PROMPT:
Your task is to transcribe all of the data below exactly, omitting the images.

[Opening DATA TO USE section]

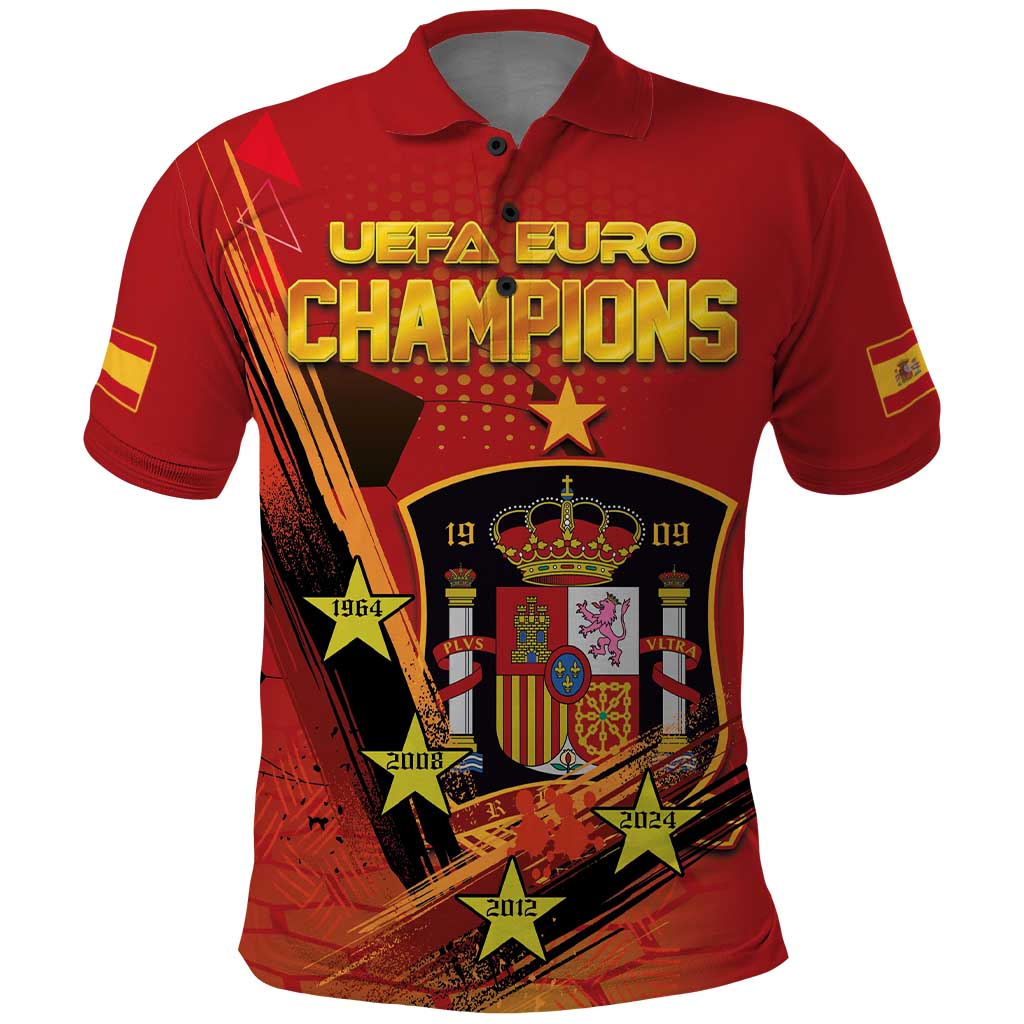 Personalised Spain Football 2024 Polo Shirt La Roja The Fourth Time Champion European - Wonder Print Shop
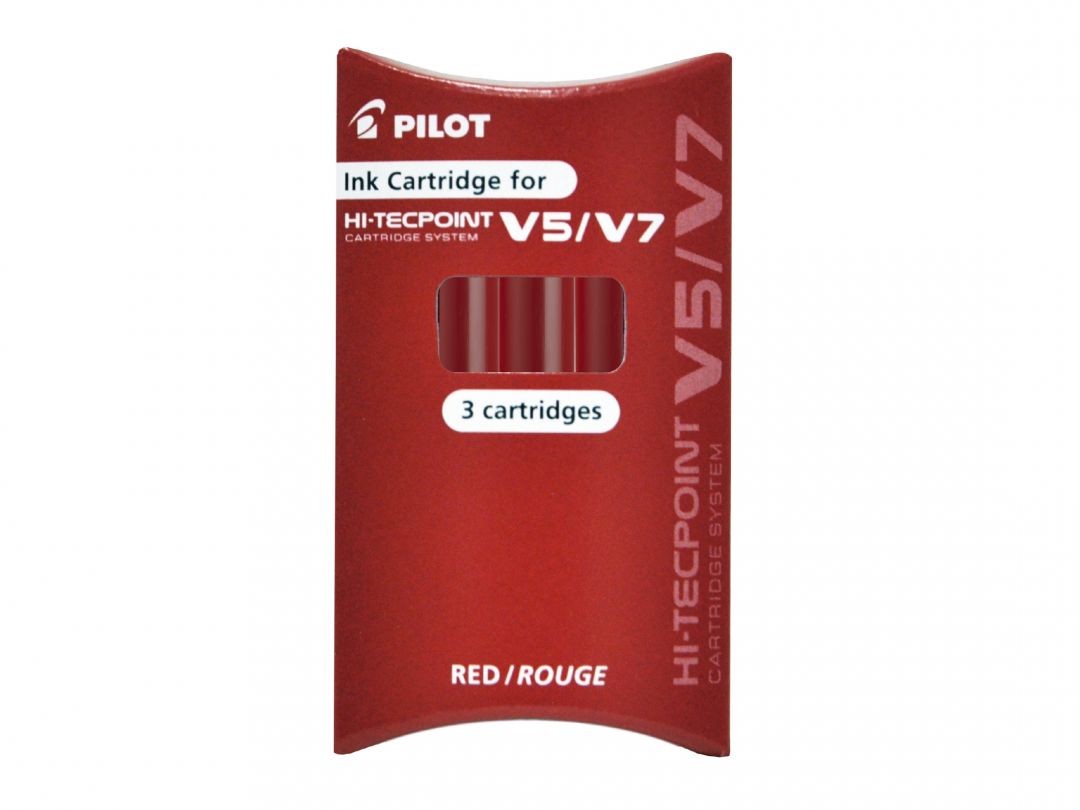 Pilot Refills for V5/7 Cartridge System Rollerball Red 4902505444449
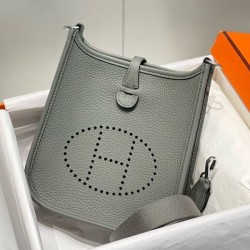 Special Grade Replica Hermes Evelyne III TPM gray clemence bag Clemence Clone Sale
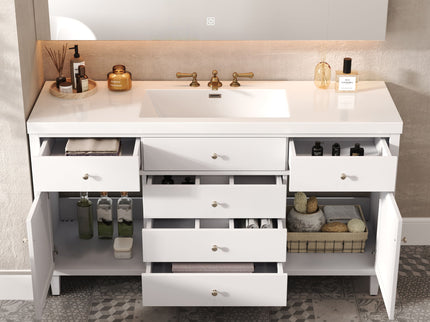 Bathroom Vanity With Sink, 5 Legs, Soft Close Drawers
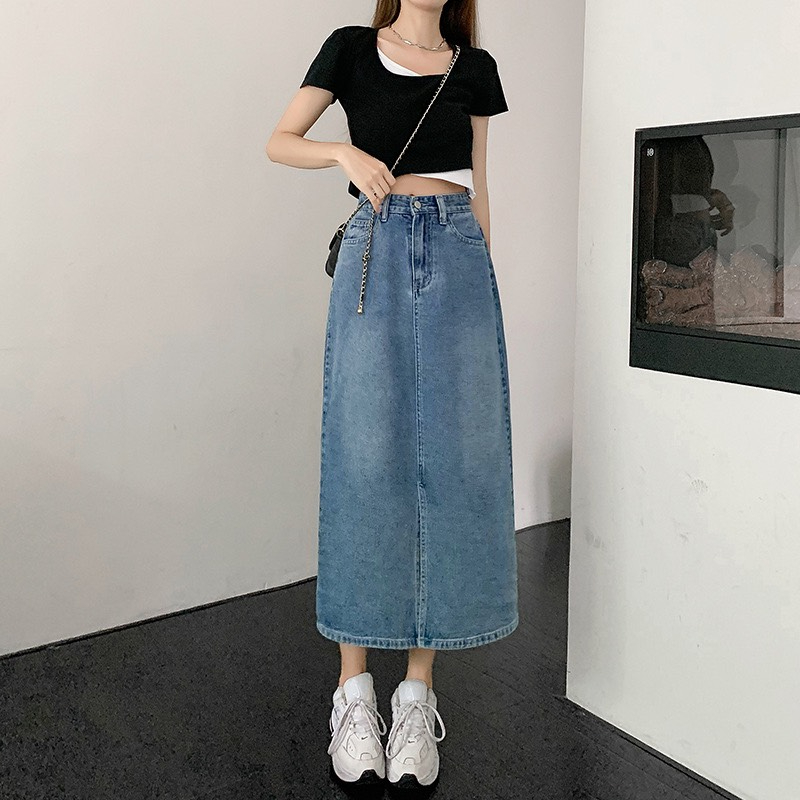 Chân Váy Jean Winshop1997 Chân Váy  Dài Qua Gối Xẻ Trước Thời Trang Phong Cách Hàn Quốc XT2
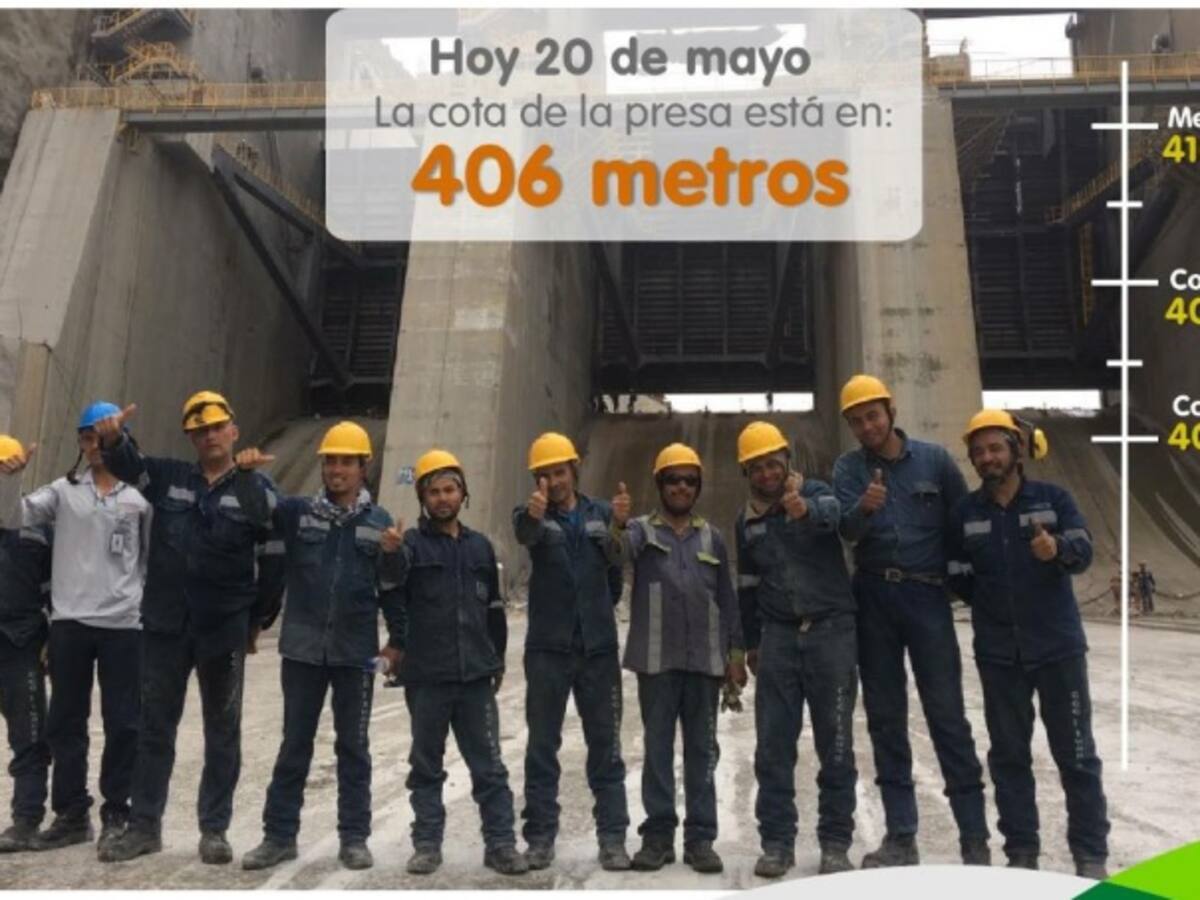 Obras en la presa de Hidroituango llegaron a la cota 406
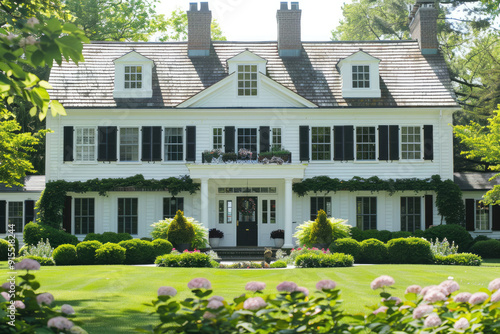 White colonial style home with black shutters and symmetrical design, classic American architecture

[Closing DATA TO USE section]

SOLUTION FOR THIS EXERCISE:
 Personalised Spain Football 2024 Polo Shirt La Roja The Fourth Time Champion European - Wonder Print Shop
 Pilot Refills for V5/7 Cartridge System Rollerball Red 4902505444449
 Special Grade Replica Hermes Evelyne III TPM gray clemence bag Clemence Clone Sale
 Bathroom Vanity With Sink, 5 Legs, Soft Close Drawers
 Chân Váy Jean Winshop1997 Chân Váy  Dài Qua Gối Xẻ Trước Thời Trang Phong Cách Hàn Quốc XT2
 Obras en la presa de Hidroituango llegaron a la cota 406
 White colonial style home with black shutters and symmetrical design, classic American architecture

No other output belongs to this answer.